Work task: Print the listing below word for word, but drop any pictures it contains.

Material provided:
▬▬▬▬▬▬
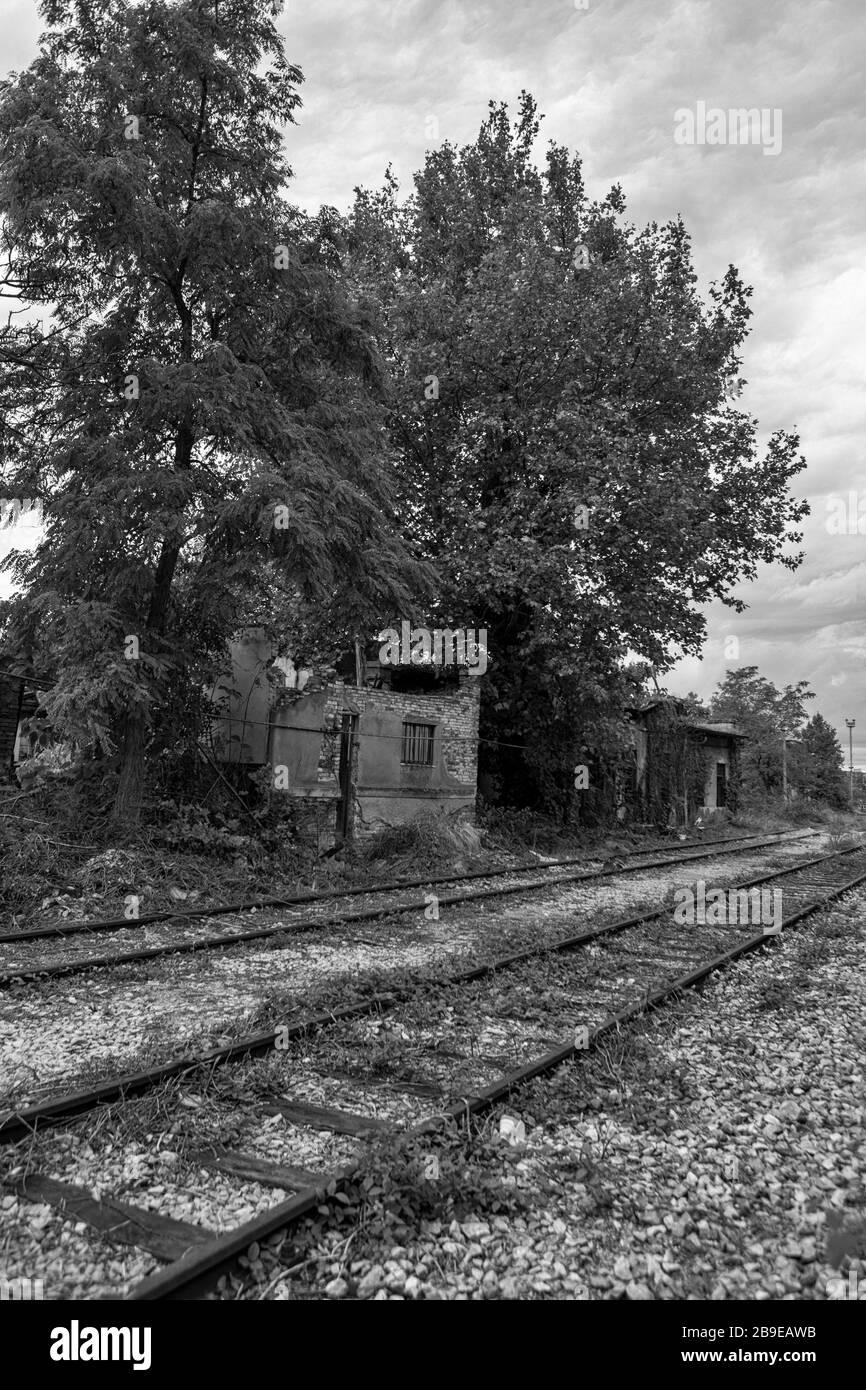 Linee ferroviarie abbandonate nel Porto Vecchio di Trieste, Friuli-Venezia-Giulia, Italia: Versione in bianco e nero Foto Stock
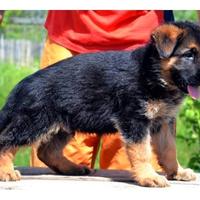 Super cuccioli di pastore tedesco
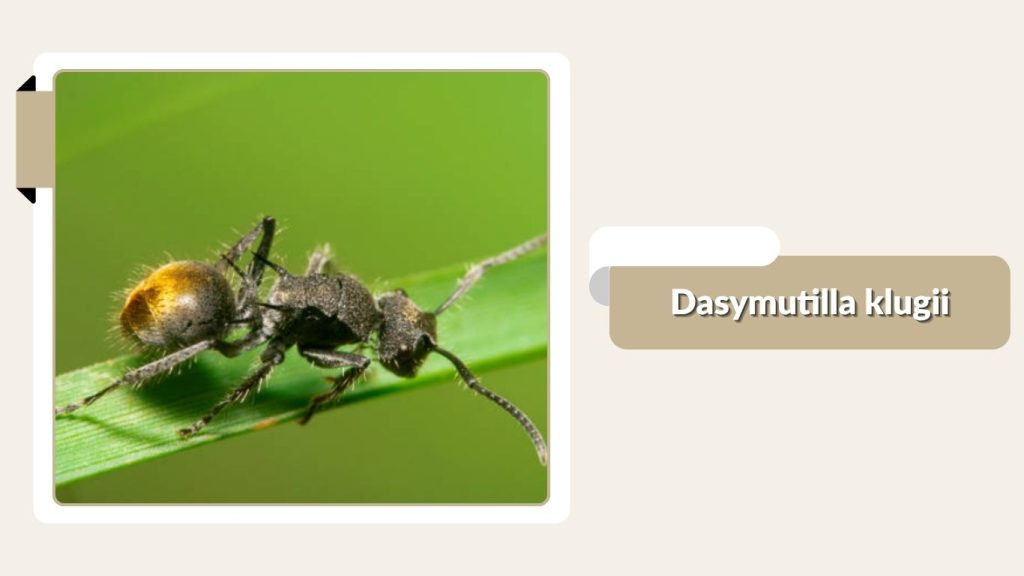 Dasymutilla klugii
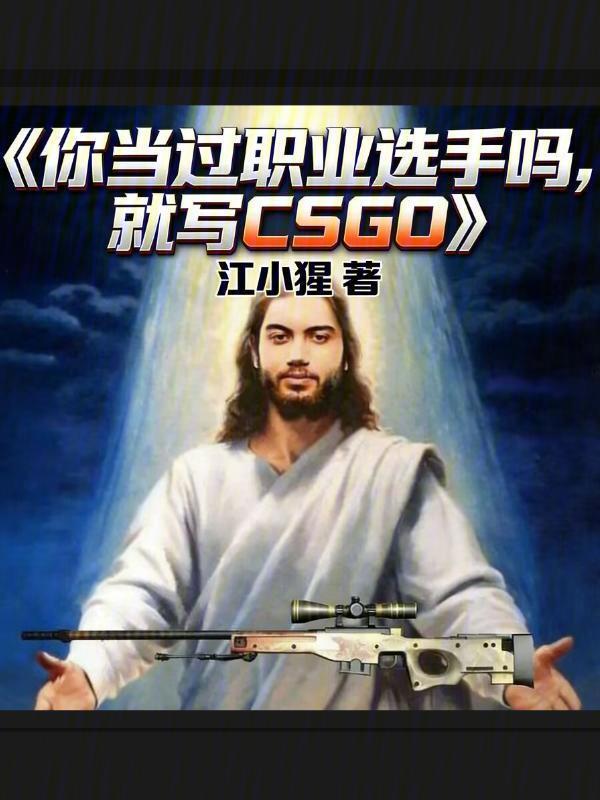 CS：开局零封somebody(江小猩)小说在线阅读-首发起点中文网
▬▬▬▬▬▬
Answer to this problem:
 Linee ferroviarie abbandonate nel Porto Vecchio di Trieste, Friuli-Venezia-Giulia, Italia: Versione in bianco e nero Foto Stock
 Super cuccioli di pastore tedesco
 Dasymutilla klugii
 CS：开局零封somebody(江小猩)小说在线阅读-首发起点中文网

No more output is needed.